**WORK REQUEST**
Restate the listing below word for word. No picture belongs in the result.

====== GIVEN DATA

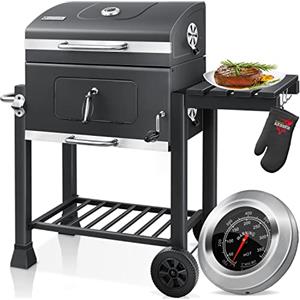 KESSER® Barbecue con Carrello XL Barbecue a carbonella con Coperchio, Ruote, Manico in Acciaio Inox, griglia e termometro a carbonella,Grande Barbecue a carbonella Barbecue da Campeggio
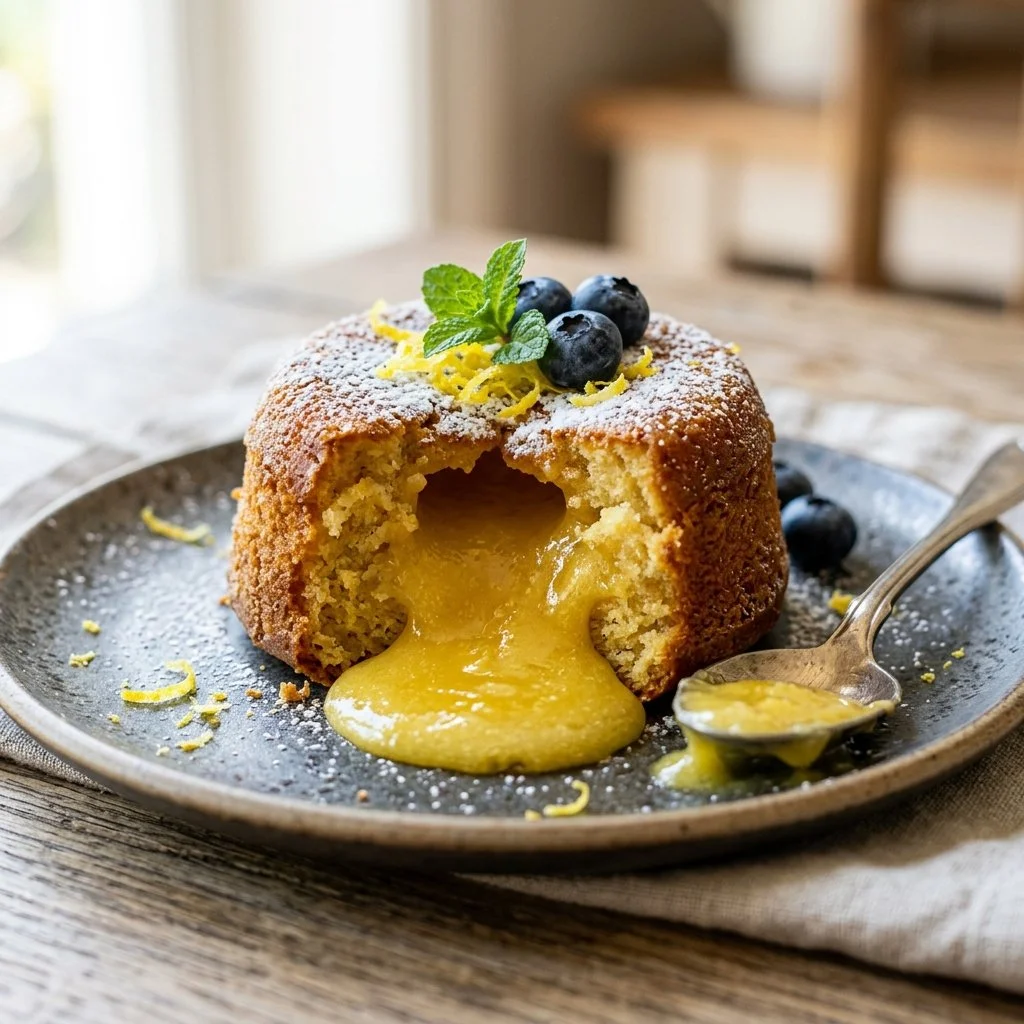 Delicious Lemon Lava Cake with a gooey lemon center served on a plate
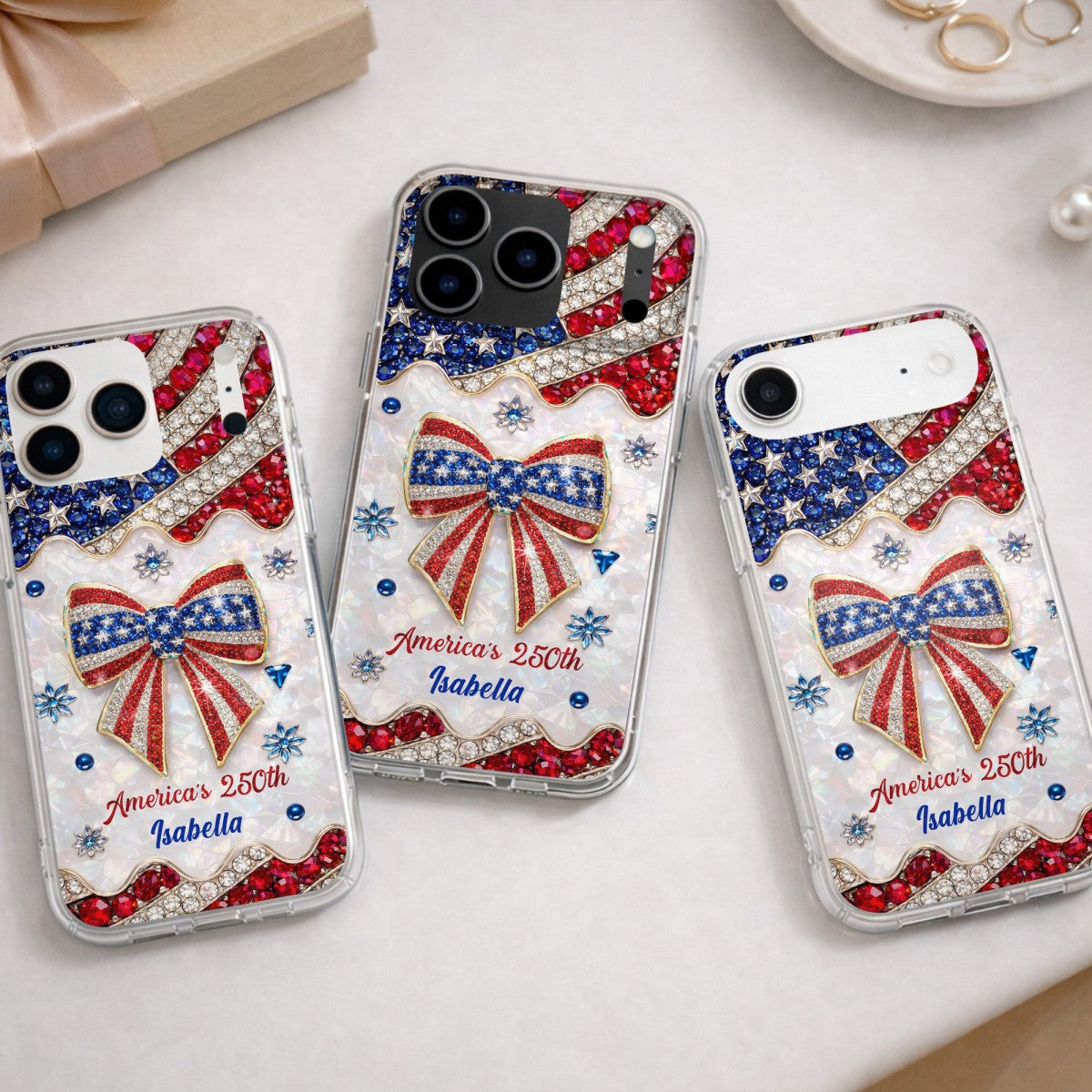 4th of July America's 250th Flag & Bow Personalized Phone Case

============

**SOLUTION TO THIS TASK**
 KESSER® Barbecue con Carrello XL Barbecue a carbonella con Coperchio, Ruote, Manico in Acciaio Inox, griglia e termometro a carbonella,Grande Barbecue a carbonella Barbecue da Campeggio
 Delicious Lemon Lava Cake with a gooey lemon center served on a plate
 4th of July America's 250th Flag & Bow Personalized Phone Case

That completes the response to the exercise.